Foglie di Carciofo Pasta with Mushrooms & Truffle Oil


  • 250 gr. (8.8oz.) Foglie di Carciofo (pasta similar to orecchiette vaguely shaped as a carciofo [Italian for artichoke] leaf)
  • 1/2 Red onion sliced Julienne style
  • 1 Stalk celery, chopped
  • 2 Mini sweet pepper, or 1 small red bell pepper, thinly sliced
  • 10 Oyster mushrooms, sliced
  • 1 Tsp. Sesame seeds
  • 1 Tsp. Dried oregano, crushed
  • 1 Tbs.
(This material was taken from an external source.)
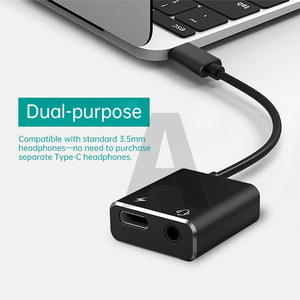 <span class=keywords><strong>2</strong></span> in 1 Type C เป็น Audio <span class=keywords><strong>แจ็</strong></span><span class=keywords><strong>ค</strong></span>หูฟัง<span class=keywords><strong>3.5</strong></span>มม. & USB C อะแดปเตอร์ไมโครโฟนตัวเมียสายชาร์จฟังการโทรแยกเสียง - Product Image 2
Extra Virgin Olive Oil
  • Coarse sea salt, pepper, and
  • Truffle oil to taste


  1. In a frying pan, sauté onion in EVOO on medium low heat for 3 to 5 minutes, or until golden.
  2. Add celery, mini peppers, stir and cook for 5 to 7 minutes.
  3. Add sliced mushrooms, sesame seeds, oregano, salt and pepper to taste, then cook for 10 minutes.
  4. In the meantime, bring salted water to a boil in a deep pot and cook pasta (10-12 minutes).
  5. Drain pasta al dente, that is, slightly underdone according to average American taste, and add it to the sauce into frying pan.
  6. Toss gently to allow sauce to coat pasta well and serve after drizzling truffle flavored oil to taste on individual plates.